Who Needs A Map When You Want To Get Lost
My grandfather was in a coma for three days (and God gave us a miracle because he regained consciousness yesterday morning).
My grandfather (my Dad's Pop) lost his wife, my grandmother , eleven years ago. We rely on close family relatives who live nearby and a couple of house helpers (who we are eternally grateful for) to look after him.
I only get to be in my 20s for 10 years. I read somewhere that we have to make the most out of our 20s because its the time we get to be selfish. With only N years left before the big 3-0, I couldn't help but wonder what I'm making of my life.
And boy, here I go again with the questions. The endless sentences of quandaries popping up in my head (mostly in my face).
Do I want to plan things from now, or do I wait until I'm that age to take things seriously? Because I'm seriously lost. And I'm okay with that. And that's what scares me. I don't have the luxury to sit on my ass and act like a citizen of Bohemia because I'm going to be a Mother one day. I always end up worrying about my unborn child/ren- I'm mostly psyched for the things I'd teach them, and the silly things they'd end up saying when they start to talk. For the most part, I'm also scared shitless on what they're gonna be teaching me.
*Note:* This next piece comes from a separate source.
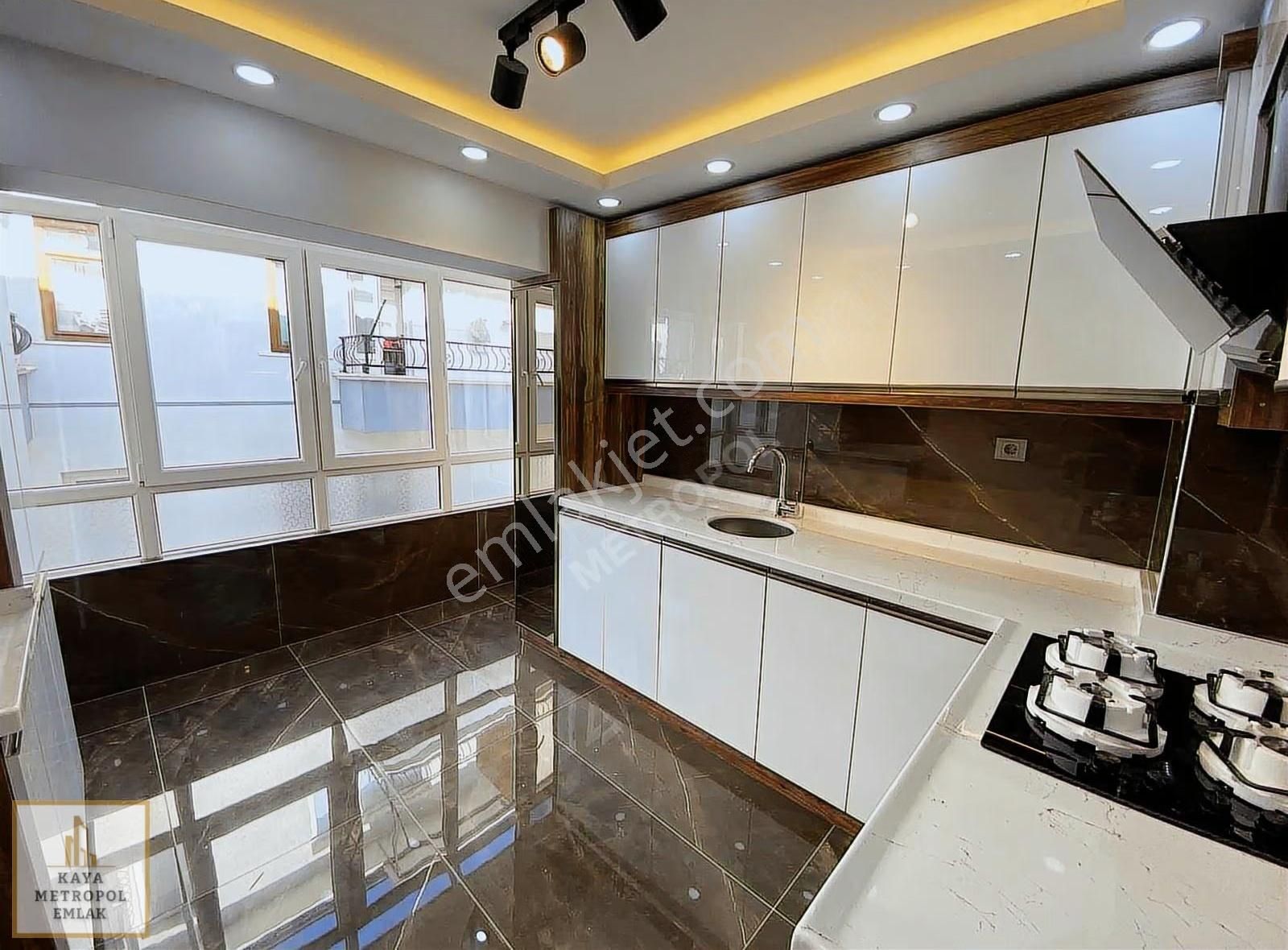 Etimesgut Süvari'de Sevgi Market Yakını Ara Kat Lüks Yapılı 3+1 - Görsel 33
Those life lessons that you pass around your kids, and they to you.
And again my train of thought has deceived me from what I'm supposed to be writing about. Life. And how it's scaring me. I'm turning into someone I never thought I would, and surprisingly I am not appalled. But the thought of life itself and that each day passes and you could never get it back? ... Its such a huge thing to get your head around.
You've turned a day old but its also the youngest you'll ever be until another dawn breaks into your sky.
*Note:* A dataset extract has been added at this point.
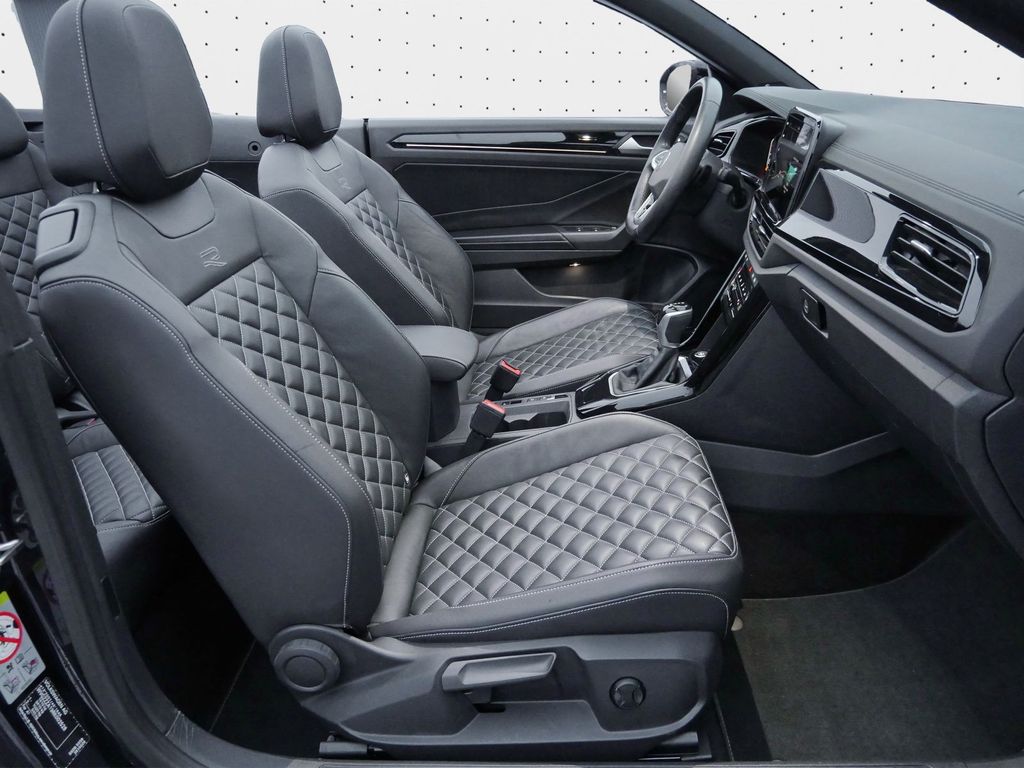 Volkswagen T-Roc 2023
When I reach my Grandfather's age, who's gonna take care of me? I was trying to slip my foot onto my sandals earlier and I was struggling to wiggle it in and then suddenly I'm in my 90s, panicking, trying to find someone who could help me but feeling bad about being a pain in the bum for the smallest things. And all I wanted was to put on my decent pair of sandals.
I feel bad for my Grandad. Its been bothering me all day and yet I haven't shown of trace of intense worry to my Dad, who I am sure is feeling worse than I am right now. The last thing I want my Grandfather to feel is that he's a burden to anyone in the family.
I miss him. I really do. And it sucks because we're all the way here. Thankfully I know that God is ALWAYS with him, and us. And I'm always praying for the best. Reality can be so ugly sometimes so I'm reviving the hopeful in me, the one that seemed to have been lost somewhere, maybe dying underneath all this self-imposed drama.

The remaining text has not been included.